20.2.23

Implausibilidade

Perfume Genius, “Describe”, in https://www.youtube.com/watch?v=vAoWMJTClqo

As planícies ajudam a descansar. As subidas são inclinadas e o coração berra de fadiga. As descidas inflacionam a adrenalina e o perigo sente-se a estalar na boca. Se calhar devia apenas andar de barco, atravessando o rio de um lado para o outro, serenamente à espera que o tempo seja da outra margem. Na pior das hipóteses, sente-se o marear quando o rio se deixa contaminar pelas ondas vomitadas pelo vento sem regras. Os contratempos não podem ser excluídos.

Se não acordasse a meio da noite não saberia como se comporta a noite temperada pela solidão. É errado dizer que a noite é o santuário da solidão, que o pensamento não se enquista sozinho. Voam sozinhos, os arrependimentos. A lareira que já apenas crepita no seu estertor desacompanha as mentiras que querem espreitar pela escotilha. O silêncio consome-as, convidando para a sua sepultura.

E depois vem o amanhecer, a noite a desmaiar vagarosamente à medida que a claridade espreita pelo periscópio. E a manhã agiganta-se, diluindo o crepúsculo tardio numa claridade que se compõe no aroma da pureza. Às vezes, a claridade devolve um retalho do tempo em que parece que o tempo cedeu ao deslumbramento da sua suspensão. A noite continua no dia claro que persegue o tempo vindouro. Não se arruma num ocaso sem certidão. Essa é uma tirania que foi banida do dicionário que rege a humanidade.

Em vez de certezas, as ruas convidam uma nova toponímia. Não sentem remorsos por terem preparado as armadilhas que consomem o longo braço do estabelecido. Rompem as fronteiras sem haver registo da sua plausibilidade. Os vitrais que decantam a luz exterior deixam passar as legendas frugais que escolhem cada palavra, para as palavras não serem ao acaso, para não se deitarem na cama onde se aferroa a derradeira noite. 
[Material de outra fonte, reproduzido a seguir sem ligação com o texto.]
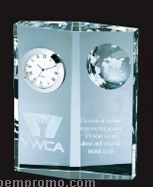 Optical Crystal Globe Clock Diamond Plaque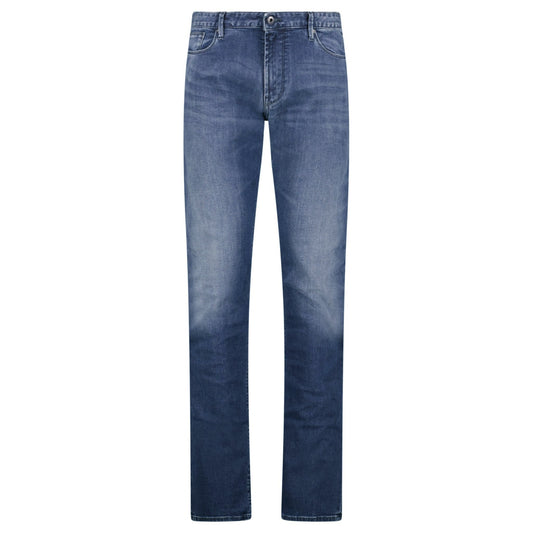 Emporio Armani J06 Slim Fit 5 Pocket Silver Eagle Belt Patch Jeans Blue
Dizem: ninguém quer as mentiras, e essa é a maior mentira que se pode inventariar. Nem uma armadura medieval seria capaz de dar cobertura ao princípio geral da mitomania em que vivemos. Porque tudo se torna plausível, em repetitivas reinterpretações do passado que impedem a consagração de um presente definido. A verdade está pela hora da morte, e esta não chega a ser uma mentira averbada.